I can't find the scientific name but it looks kind of like a variety of Peace Lilly.


----------



## Raul-7 (Feb 4, 2004)

I think it's Anubias barteri var. 'angustifolia', but could you post a picture of rhizome to confirm it's actually Anubias sp.?


----------



## neonfish3 (Feb 12, 2004)

Aglaonema simplex
Malayan Sword/ Borneo Sword--Bog plant, that will live for long time submersed
Thats my guess....


----------



## Cavan Allen (Jul 22, 2004)

I'm inclined to agree with neonfish.

That is not an _Anubias_.


----------



## Raul-7 (Feb 4, 2004)

It did look terrestrial from the beginning since the leaves aren't doing so well (brown holes), but I wasn't sure.


----------



## IronLoach (Aug 22, 2004)

Thanks for the ID. I'll try to take a picture of the entire plant tomorrow. Someone also suggested that it just might be an anubias augustifolia but the Malayan Sword/ Borneo Sword seems more likely.

Here's the tropica page on the augustifolia which looks a lot like my plant:

Tropica - Anubias Angustifolia


----------



## Cavan Allen (Jul 22, 2004)

If you look at the color and prominence of the central vein, the way the stem attaches to the leaves, the veins, and how pointy the leaf tip is, you can see why it isn't an _Anubias_. I should have mentioned all that before.

_Anubias barteri var. angustifolia_ is a variety of barteri and not a species.


----------



## IronLoach (Aug 22, 2004)

Thanks Cavan for your valuable insights -- i'm really impressed. I wish I could develop that skill of noticing the minute differences between the different plant structures. oh well.

Thanks again everyone for all your help.

Oh, one more thing - anything special I should do to care for the borneo sword? never had one before. I don't even know exactly what a bog plant is.
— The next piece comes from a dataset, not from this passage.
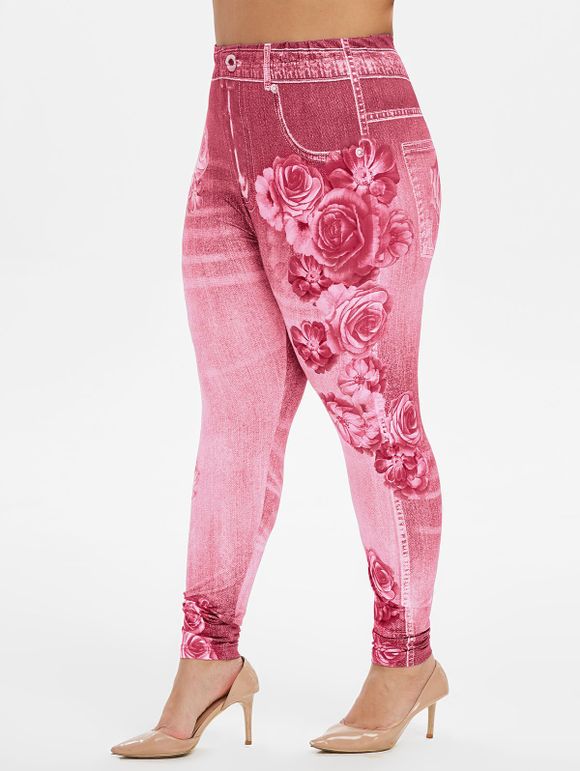 Legging 3D Fleuri Imprimé à Taille Haute de Grande Taille - Rose clair L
I got around taking shots of the plant which I took out of the tank and tied to a piece of wood. Here they are:


----------



## IronLoach (Aug 22, 2004)

finally found a profile of the borneo sword:










http://badmanstropicalfish.com/stats/plants/stats_plants1d.html

Now that I look closely, my plant does look like the borneo sword. (oops, sorry for mis-naming the _Anubias barteri var. angustifolia_).


----------



## IronLoach (Aug 22, 2004)

arrrggghh! now i saw a picture of an anubias cogensis which also looks like my plant, particularly the new leaf nodes growing on the sides of the existing leaf stems.
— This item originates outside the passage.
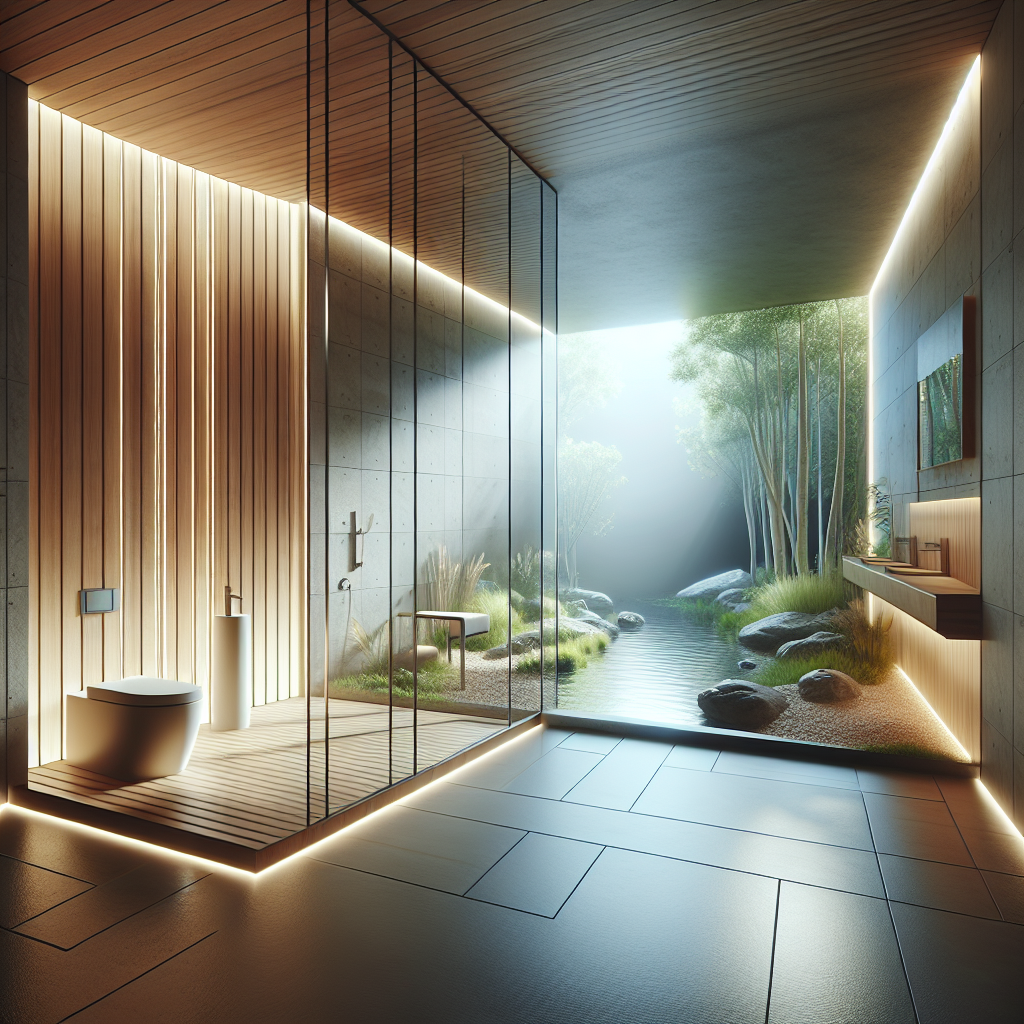 A modern bathroom with sleek design elements, bright colors and natural materials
now i'm confused. can anyone confirm if it is in fact a malaysian sword or the anubias. my eyes tell me they're exactly alike. man-o-man! (pardon my ignorance).


----------



## Cavan Allen (Jul 22, 2004)

http://www.rva.ne.jp/plants/aglaonema_sp.htm

Your plant is absolutely, positively, without a doubt *not* an _Anubias_.
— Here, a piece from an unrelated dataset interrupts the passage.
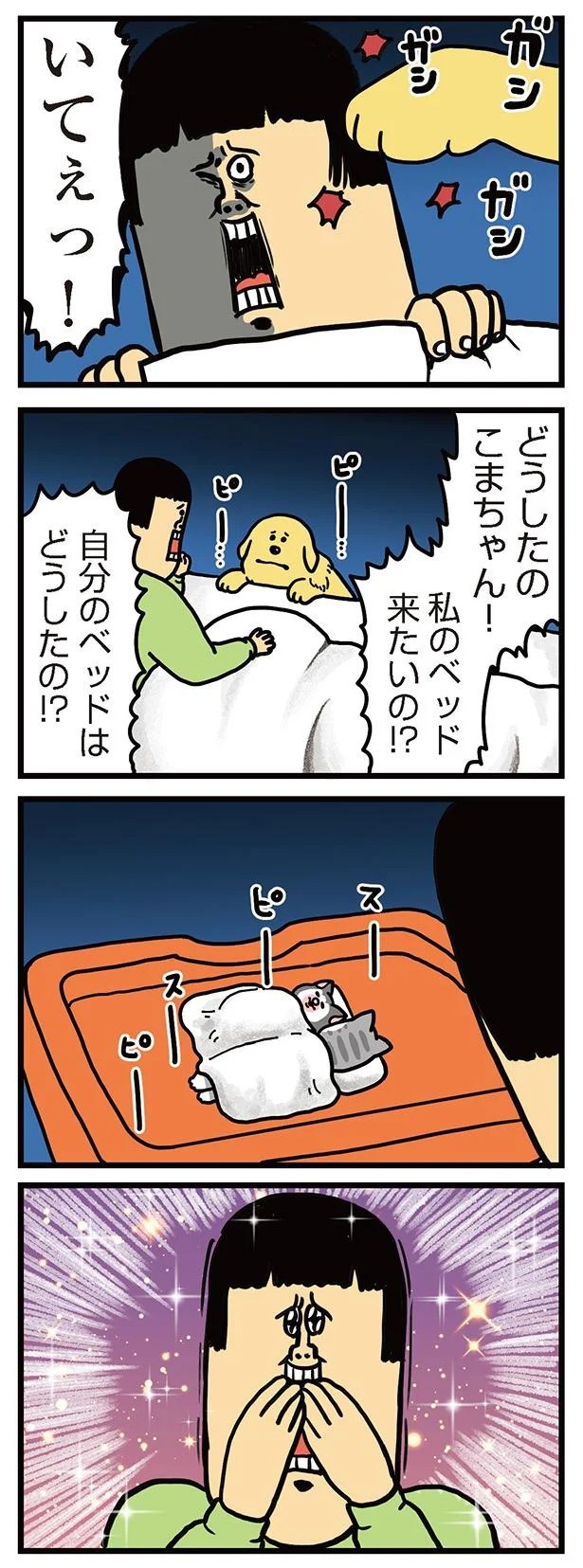 飼い主と犬の「心が通じ合った瞬間」。いや、これは嬉しくない…！／まめきちまめこニートの日常 こまちとタビ2（画像88/164枚目）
"Anubias congensis" is not a valid species. It is a synonym of heterophylla.


----------



## Cavan Allen (Jul 22, 2004)

You need to remove your plant from your tank and find a home for it above water. As a bog plant, it appreciates wet roots but will not survive submerged for very long.


----------



## IronLoach (Aug 22, 2004)

Many many thanks cavan and the others here at apc. my planted tank would never have had the chance to move forward without your help. thanks again.


----------